Saramago, o último grande narrador
Numa cultura dominante em que a pulsão da morte constitui a sua essência, o escritor José Saramago, falecido aos 87 anos no dia 18 de junho, foi uma brilhante e genial exceção. Português da aldeia de Azinhaga, filho de pais pobres da região do Ribatejo, Saramago não era homem de concessões hipócritas quanto a princípios morais e políticos nos quais acreditava, e, por isso mesmo, numa época em que tudo está à venda ou pode ser relativizado em nome de projetos pessoais e / ou de grupos, ele se manteve coerente até o fim da vida. Para o bem da alta literatura, dos ideais socialistas e da própria humanidade.
Antigo militante do Partido Comunista Português, Saramago não era “comunista de carteirinha” por acaso. Filiou-se ao PCP em 1969, quando Portugal ainda vivia a ditadura salazarista. O ato foi apenas a formalização de uma militância socialista que vinha de longa data, efeito da sensibilidade moral de um jovem que, tendo nascido no meio de pobres e miseráveis, cedo discerniu as causas da desigualdade social e econômica dos portugueses. Aluno brilhante, teve de abandonar o colégio porque seus pais não podiam pagar seus estudos.
Podia, pela revolta, renegar e esconder sua origem pobre. Podia, como fazem muitos na ascensão social, defender idéias da classe que espoliava os lavradores e proletários do Ribatejo. Podia, por vergonha, fingir que nunca foi pobre. Podia, simplesmente, esquecer. Mas há gente que nasce para lembrar, porque nunca esquece de si mesmo em suas origens. E lembrar por si e pelos outros, pelos que têm boca e língua, mas nunca são escutados; têm olhos e visão, mas são invisíveis em um mundo onde a luz parece se projetar apenas sobre os bens, a riqueza, o luxo, o poder e a ostentação.

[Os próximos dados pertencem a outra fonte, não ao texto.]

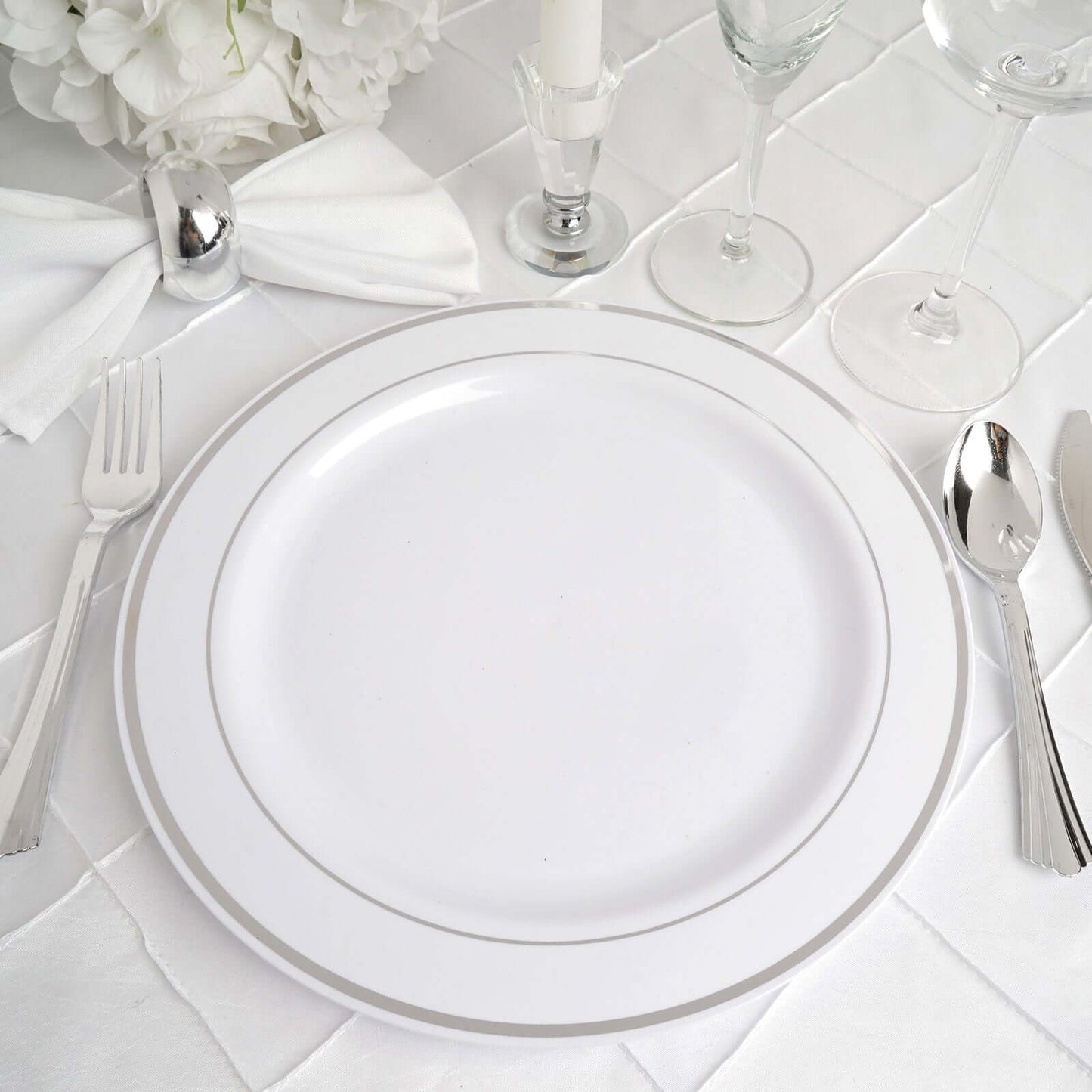 10 - Pack Plastic Dinner Plates White with TrÃ¨s Chic Silver Rim - Perfect Disposable Party Plates 10" - Linen Luxes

Em Saramago, essas dimensões de mestre do romance e de ativista político e social se imbricavam sem que uma tolhesse ou recalcasse a outra. Foram sempre a expressão de uma persona criativa e combativa, rica de uma humanidade onde percebemos a sabedoria dos simples de coração, o humor, a luta dos deserdados, a crítica social e dos (hipócritas) costumes, a denúncia da cegueira de um mundo onde a morte inspira a política do capital, o alerta a respeito da alienação coletiva dos seres humanos, embrutecidos na malha da indústria cultural da incultura.
O poder de sua fábula traduzia justamente este universo, e não por acaso pode explicar o fato de alguns o considerarem “difícil” e ao mesmo tempo ele ser tão lido e admirado por milhões de pessoas, em várias línguas. Em um dos seus raros acertos, o comitê de literatura lhe concedeu o Prêmio Nobel em 1998.

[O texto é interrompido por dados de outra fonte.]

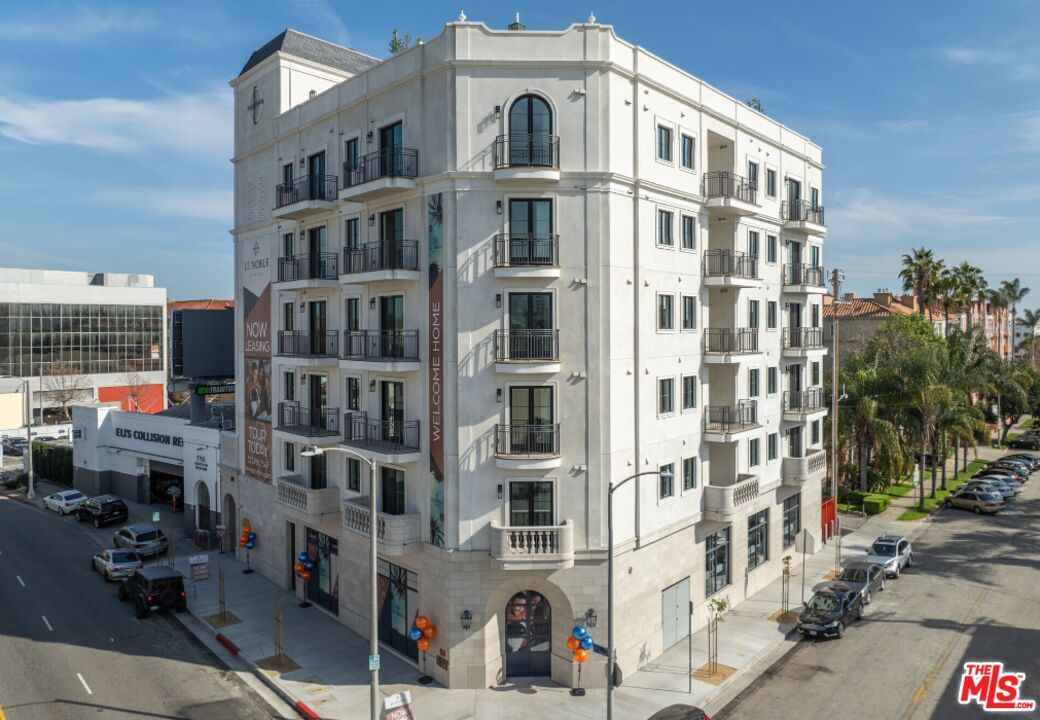 Exterior, Facade, Condo Building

Saramago é, possivelmente, o último grande narrador da humanidade, considerada esta em sua dimensão de um espírito ou idéia universal. Em suas obras, não há como não nos reconhecermos como seres humanos completos, na dor ou na alegria, vivos ou mortos, duvidando dos deuses e das crenças, amando e buscando. Sua morte marca (e aqui a frase feita cabe) o fim de uma época em que a literatura está moribunda e submetida aos escapismos de estilos que apenas revelam sua pobreza. Também simbolicamente, sua morte ocorre em um momento no qual há uma pulsão de morte no movimento de forças econômicas e políticas erguendo-se do espólio neoliberal em vários países europeus, numa onda neofascista que criminaliza migrantes, trabalhadores, etnias não brancas, ativistas políticos e sociais de esquerda, além de estudantes e desempregados.
Contra tudo isso, o grande narrador português nos deixou uma obra para travar um combate que significa a permanência de uma luz que ele fez brilhar nos seus personagens. Em Memorial do Convento, um dos seus grandes romances, os protagonistas Baltasar Sete-Sóis e Blimunda Sete-Luas são a quintessência do amor perene entre um homem e uma mulher, para além do tempo, das fogueiras da Inquisição, da velhice. Quem vê a vida de Saramago, sente que ele tinha o mesmo amor pela humanidade.
Roberto Numeriano é cientista político (UFPE), professor, jornalista e candidato do PCB ao Governo do Estado de Pernambuco.